%%

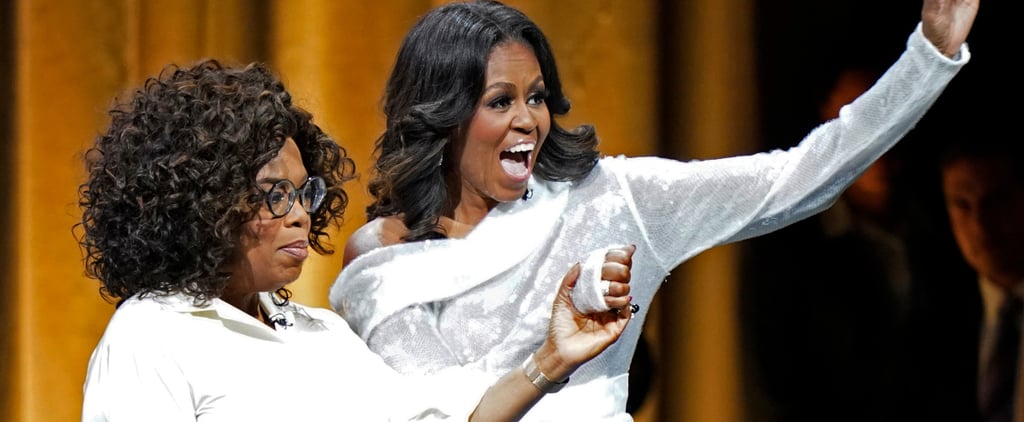 Michelle Obama Sequin Top and Pink Heels With Oprah 2018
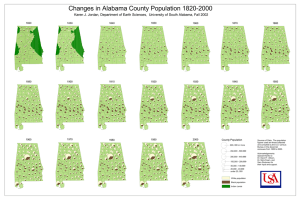 Changes in Alabama County Population 1820-2000 1820 1850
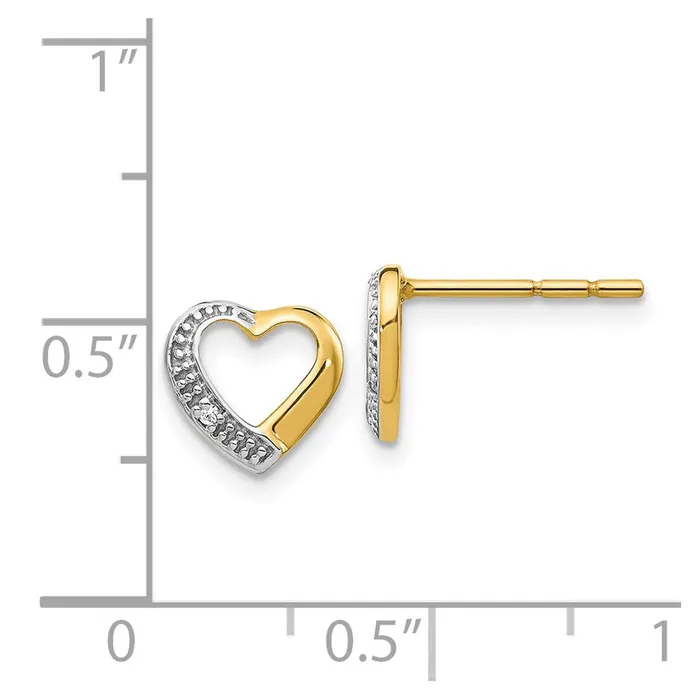 14k and Rhodium Diamond Heart Post EarringsWBCEM5517001YA WB Choice Jewelry Earrings 14k and Rhodium Diamond Heart Post EarringsWBCEM5517001YA WB Choice Jewelry Earrings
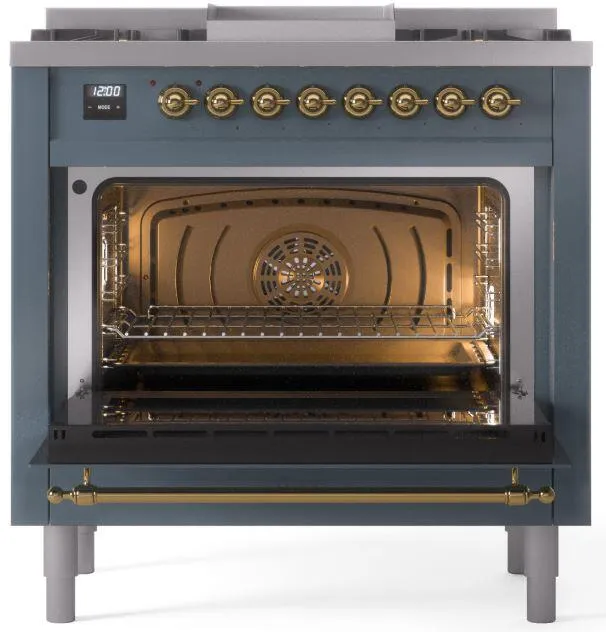 Ilve UP36FNMPBGGLP Nostalgie Ii 36 Inch Dual Fuel Liquid Propane Freestanding Range In Blue Grey With Brass Trim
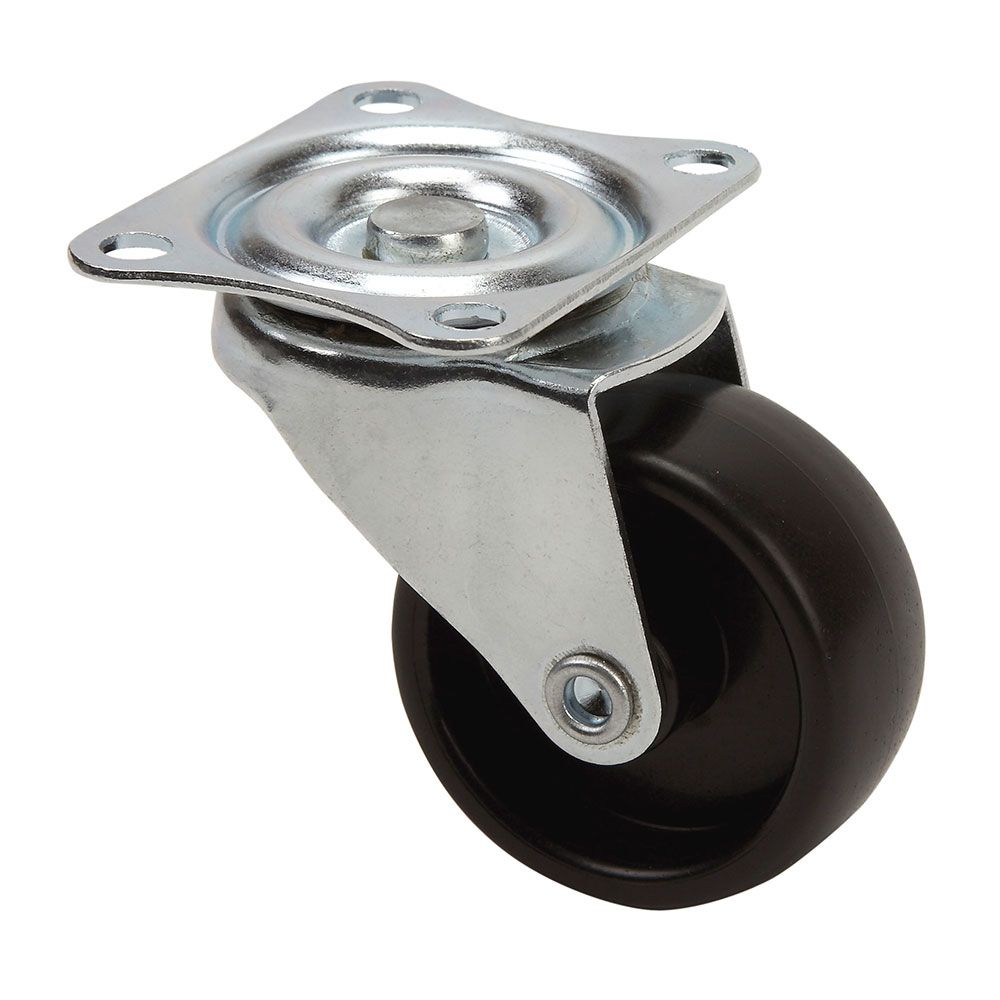 Roda giratória com placa e eixo liso, COR preta, carga máxima. 18 kg, ø 3 cm
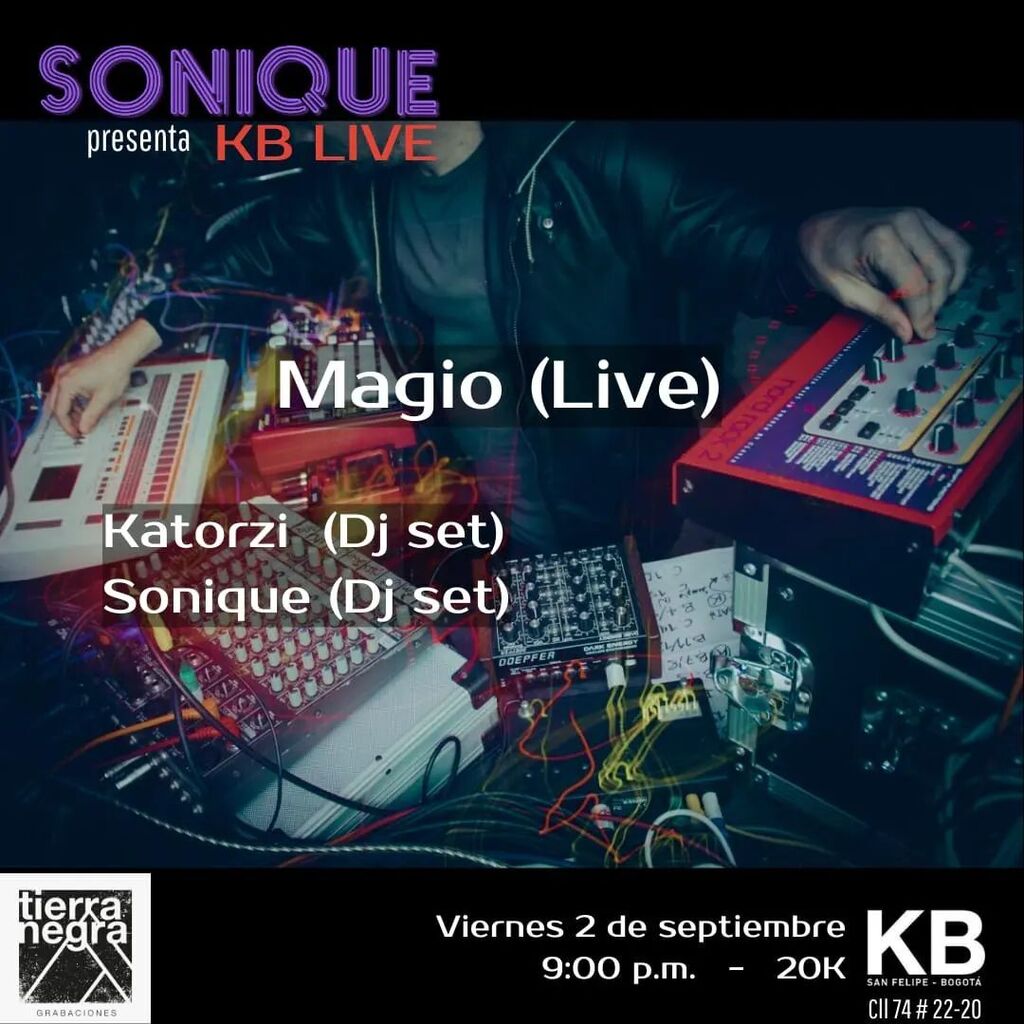 GrabacionesT's tweet photo. Este fin de semana Grabaciones Tierranegra llega a Bogotá con dos eventos para mover el bote el viernes 2 de septiembre. 🎚️🎛️🎹

@magiogiraldo estará como invitado de @sonique_musique presentado un live de remezclas criollas en  KB Live #27 junto a dj… https://t.co/Kz6EVAyqZk https://t.co/20YP26jJU7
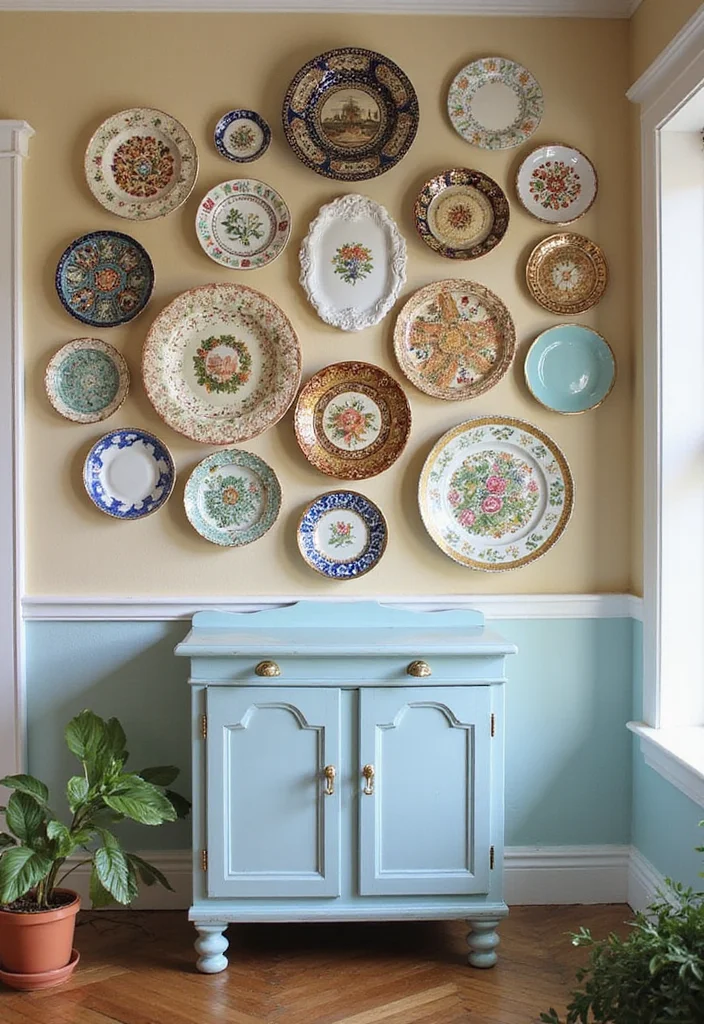 DIY Kitchen Wall Decor Ideas: A Stylish Home Guide with 19 Practical Inspirations - 5. Vintage Plate Display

%%

TASK DETAILS
Skip all pictures. Copy exactly the lines from the one containing "Roda giratória com" through the end of the records, both ends included.

EXERCISE RESULT
 Roda giratória com placa e eixo liso, COR preta, carga máxima. 18 kg, ø 3 cm
 GrabacionesT's tweet photo. Este fin de semana Grabaciones Tierranegra llega a Bogotá con dos eventos para mover el bote el viernes 2 de septiembre. 🎚️🎛️🎹

@magiogiraldo estará como invitado de @sonique_musique presentado un live de remezclas criollas en  KB Live #27 junto a dj… https://t.co/Kz6EVAyqZk https://t.co/20YP26jJU7
 DIY Kitchen Wall Decor Ideas: A Stylish Home Guide with 19 Practical Inspirations - 5. Vintage Plate Display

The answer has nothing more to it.